Non più di due settimane fa, in aeroporto, a Milano, ho incontrato una signora della provincia di Caltanissetta, insegnante, che attendeva di conoscere il gate dell’aereo per Catania mentre teneva a bada la propria vivace e graziosa bimba. Due parole nate da uno scambio di informazioni sul volo e in breve mi racconta che da 5 anni lavora in una scuola di Piacenza e non riesce a tornare, ma resiste pur di non perdere il posto, resiste in una città ostile e lo fa per sua figlia, per quella figlia che vive con lei, lontana dal papà che vede ogni tanto (gli aerei costano) e non vede l’ora di riabbracciare. Dove sta la politica? Dove quegli economisti da balera che vomitano le stesse ricette che sono alla base di questo dramma? Dove sono i grandi sistemi mentre la vita delle persone scorre tra rinunce e violenze al proprio diritto di sognare una vita normale?

La felicità: dove e come si trova la felicità al tempo della crisi? Si disperde dentro la sfiducia, il pessimismo concreto, lo sguardo bloccato sul presente, sul quotidiano, che impedisce di pensare al futuro, di costruire, di realizzare. Nemmeno le cose più comuni e normali, come i rapporti familiari e sentimentali, riescono a vincere e spesso naufragano, si impantanano nella paura e nell’impossibilità di un domani. La crisi non è stata mai guardata davvero in faccia, né da chi governa (e si permette l’ennesimo sfregio di rinviare le dimissioni), né da chi da anni finge di fare opposizione.
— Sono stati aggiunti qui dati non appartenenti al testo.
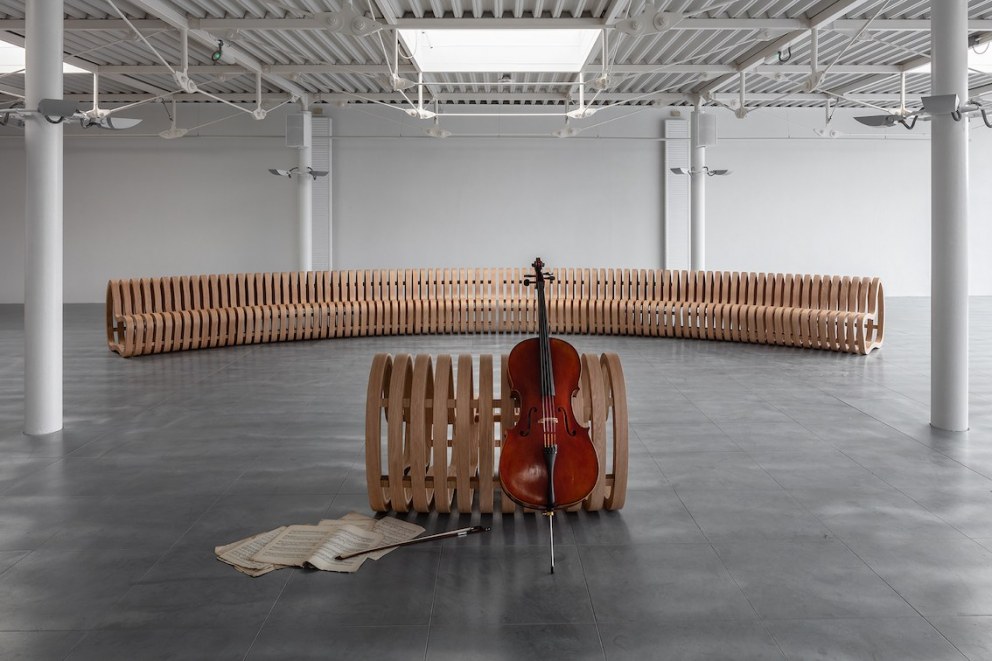 CURVE BENCH  | CURVE BENCH - Cello | Interior Designers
La crisi è prima di tutto nello stomaco e nel cuore della gente, quella stessa gente che silenziosamente prova ad andare avanti, ogni giorno, facendo il proprio dovere ed evitando di lasciar libero sfogo alla propria rabbia, mentre le mummie di potere giocano a dama con il loro destino e quello dei loro figli. E l’individualismo a cui siamo stati spinti in questi anni non fa che diminuire le possibilità di cacciarle via quelle mummie e di riprenderci un po’ di felicità. Perché è anche per questo che dovrebbero pagare. Per avercela rubata. Per avercela sfilata con eccessiva facilità.